> **SUPPLIED DATA**:
--------------------------------

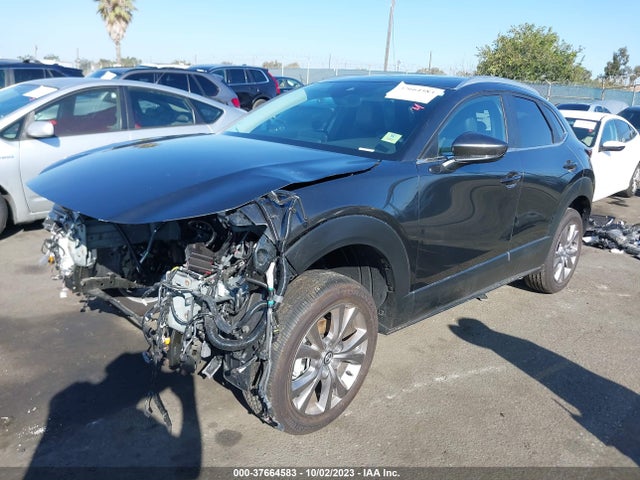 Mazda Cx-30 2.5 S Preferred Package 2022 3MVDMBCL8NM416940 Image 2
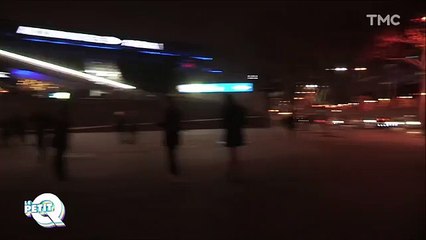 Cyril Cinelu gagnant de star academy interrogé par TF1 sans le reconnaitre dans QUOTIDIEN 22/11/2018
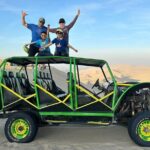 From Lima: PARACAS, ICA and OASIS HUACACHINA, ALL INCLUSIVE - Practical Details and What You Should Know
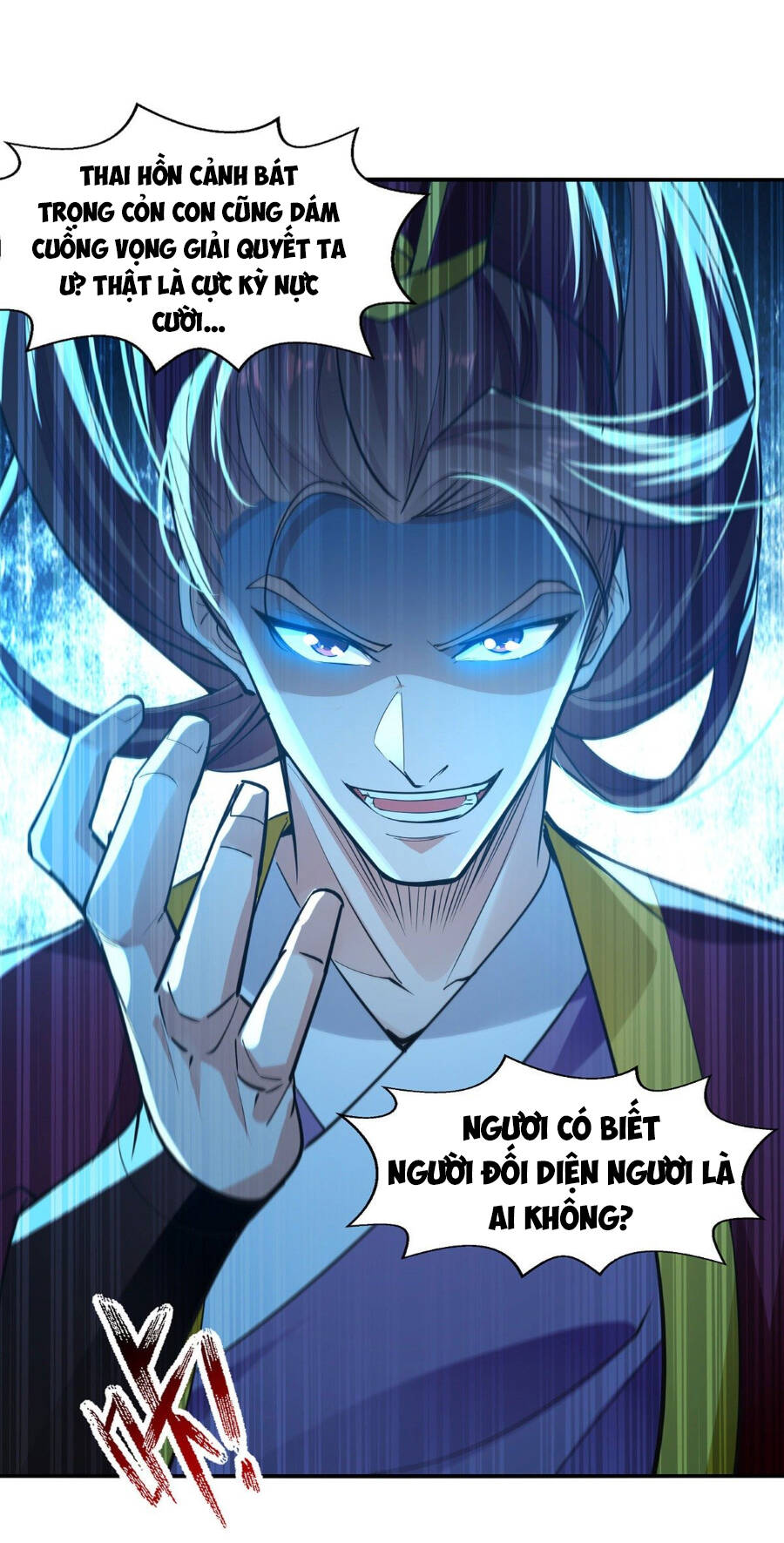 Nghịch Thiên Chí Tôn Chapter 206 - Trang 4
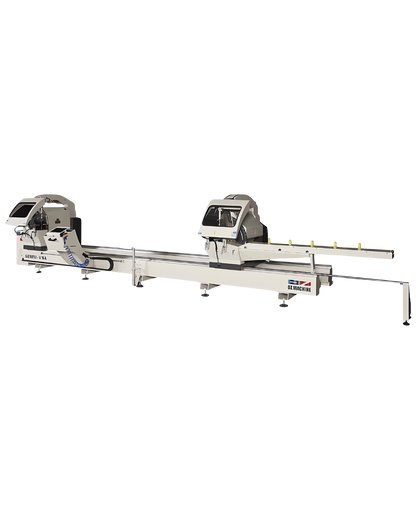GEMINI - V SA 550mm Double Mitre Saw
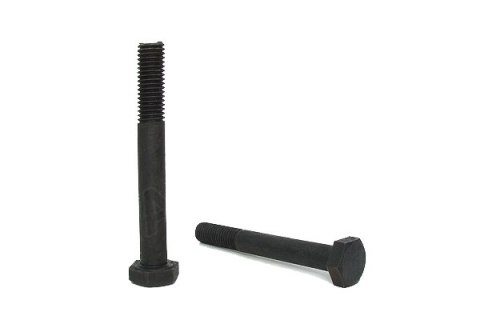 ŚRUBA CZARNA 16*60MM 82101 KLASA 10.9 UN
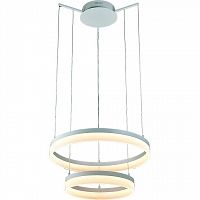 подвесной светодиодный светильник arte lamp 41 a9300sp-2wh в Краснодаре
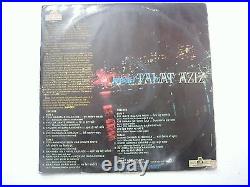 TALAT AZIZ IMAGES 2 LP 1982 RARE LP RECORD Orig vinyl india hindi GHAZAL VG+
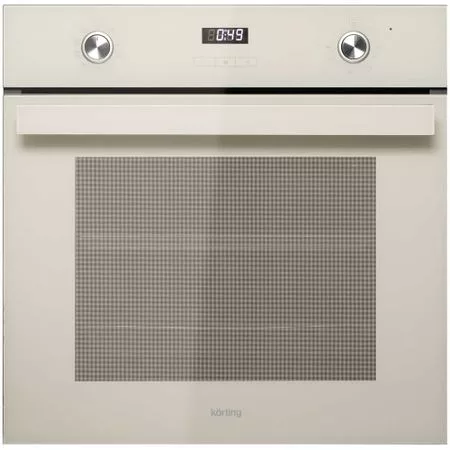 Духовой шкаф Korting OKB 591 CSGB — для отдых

--------------------------------

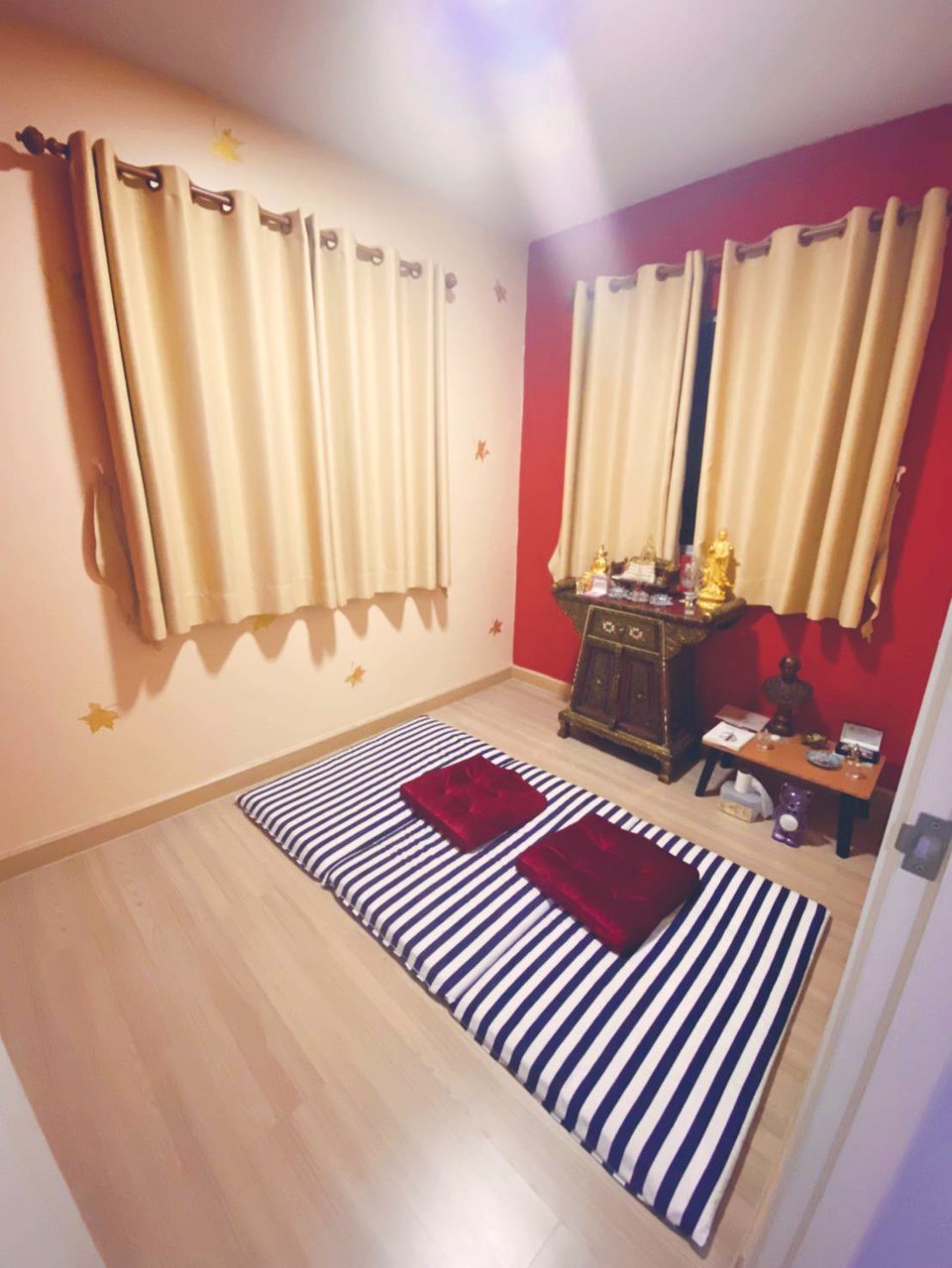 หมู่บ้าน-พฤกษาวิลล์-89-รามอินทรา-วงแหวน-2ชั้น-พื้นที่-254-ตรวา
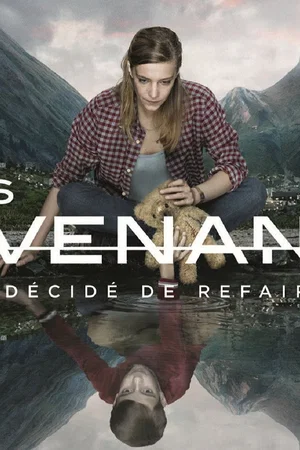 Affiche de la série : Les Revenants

--------------------------------

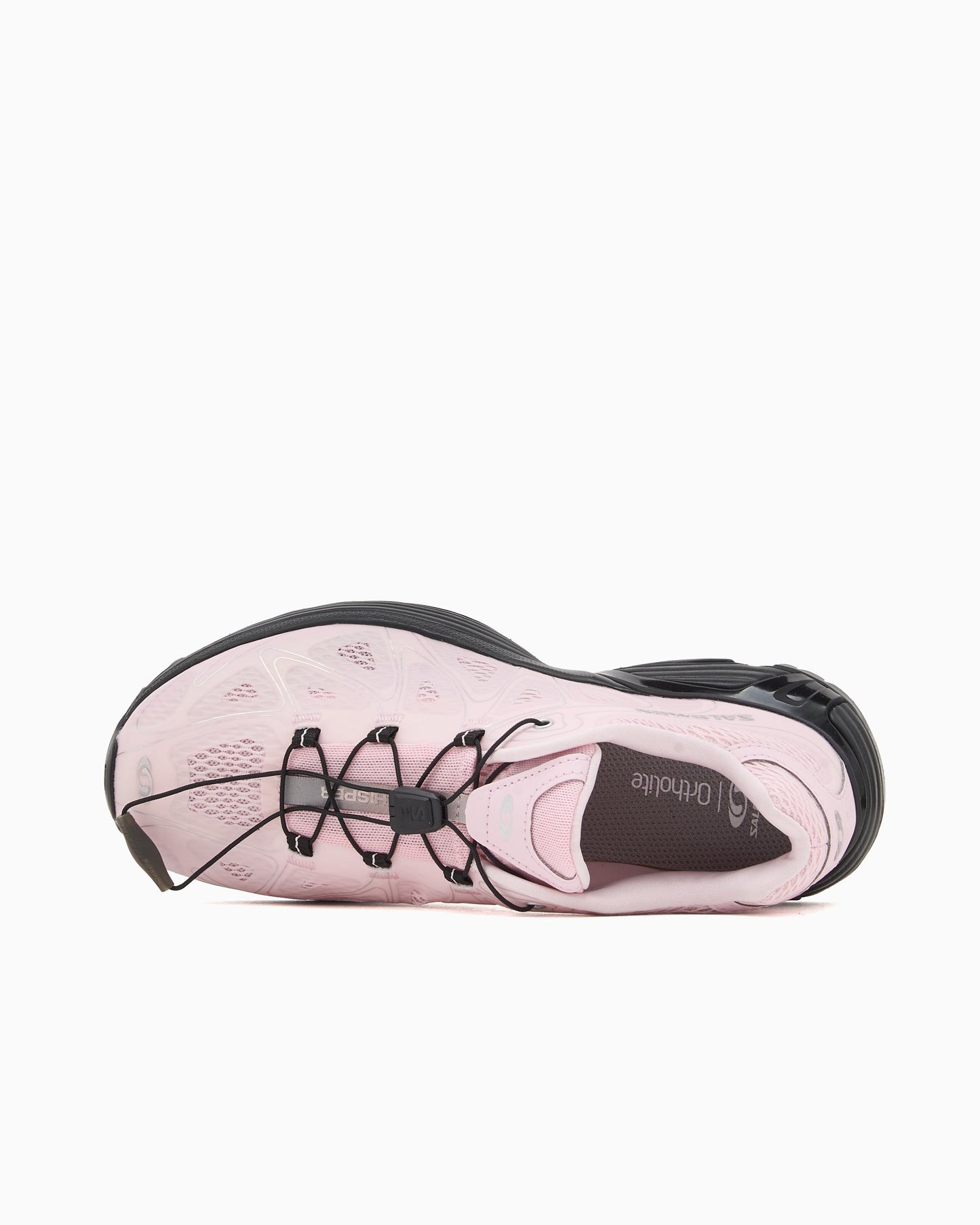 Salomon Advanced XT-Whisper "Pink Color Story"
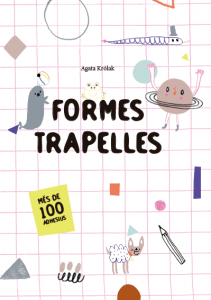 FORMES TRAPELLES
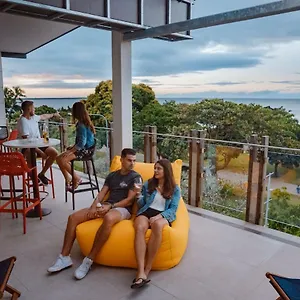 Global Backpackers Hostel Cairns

--------------------------------

> **WHAT TO PRODUCE**:
Out of the records above, set down only the lines from the one that contains "подвесной светодиодный светильник" through the one that contains "Духовой шкаф Korting", unchanged and without the pictures.

> **EXERCISE RESULT**:
 подвесной светодиодный светильник arte lamp 41 a9300sp-2wh в Краснодаре
 TALAT AZIZ IMAGES 2 LP 1982 RARE LP RECORD Orig vinyl india hindi GHAZAL VG+
 Духовой шкаф Korting OKB 591 CSGB — для отдых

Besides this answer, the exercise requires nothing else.